== Segment start ==
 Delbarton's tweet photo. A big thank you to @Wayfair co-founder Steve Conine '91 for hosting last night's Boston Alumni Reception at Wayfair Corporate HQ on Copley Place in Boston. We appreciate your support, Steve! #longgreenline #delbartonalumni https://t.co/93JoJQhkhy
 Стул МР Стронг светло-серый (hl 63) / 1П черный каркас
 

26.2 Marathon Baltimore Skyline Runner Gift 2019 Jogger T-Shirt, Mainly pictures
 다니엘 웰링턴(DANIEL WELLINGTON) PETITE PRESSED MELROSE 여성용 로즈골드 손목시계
== Segment end ==
== Segment start ==
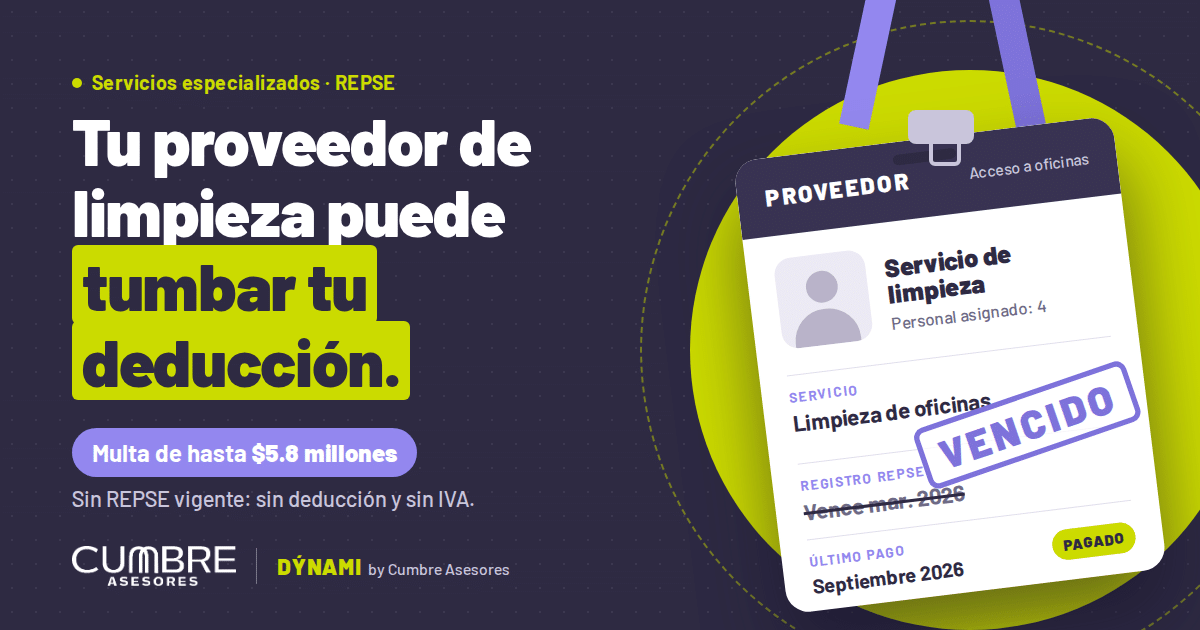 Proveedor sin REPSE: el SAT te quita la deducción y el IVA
== Segment end ==
== Segment start ==
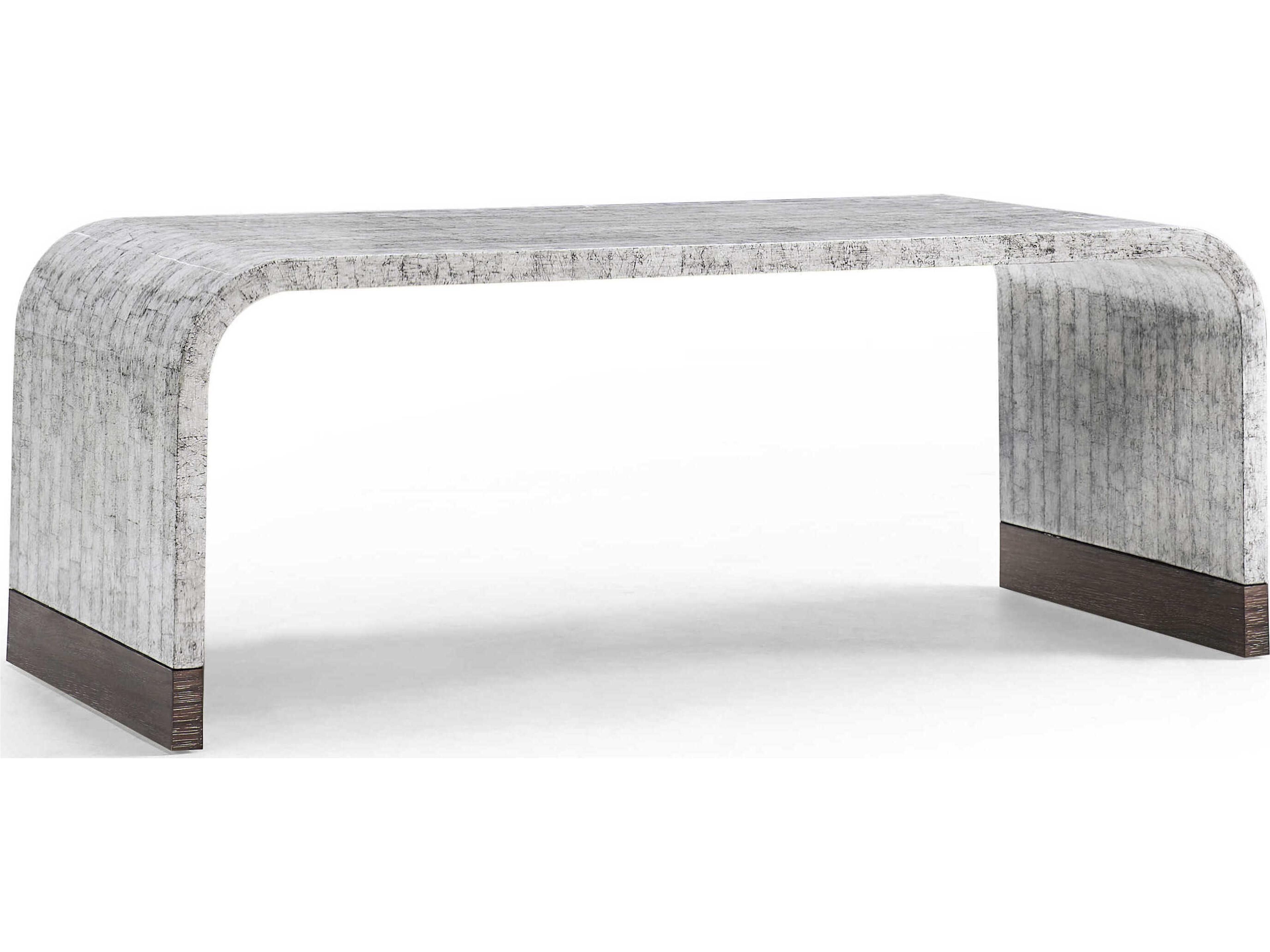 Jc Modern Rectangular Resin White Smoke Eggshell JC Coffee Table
== Segment end ==
▶ Work request:
Scan the lines above for "26.2 Marathon Baltimore" and for "다니엘 웰링턴(DANIEL WELLINGTON)". Repeat exactly the line holding each of them and every line in between.

▶ Task response:
26.2 Marathon Baltimore Skyline Runner Gift 2019 Jogger T-Shirt, Mainly pictures
 다니엘 웰링턴(DANIEL WELLINGTON) PETITE PRESSED MELROSE 여성용 로즈골드 손목시계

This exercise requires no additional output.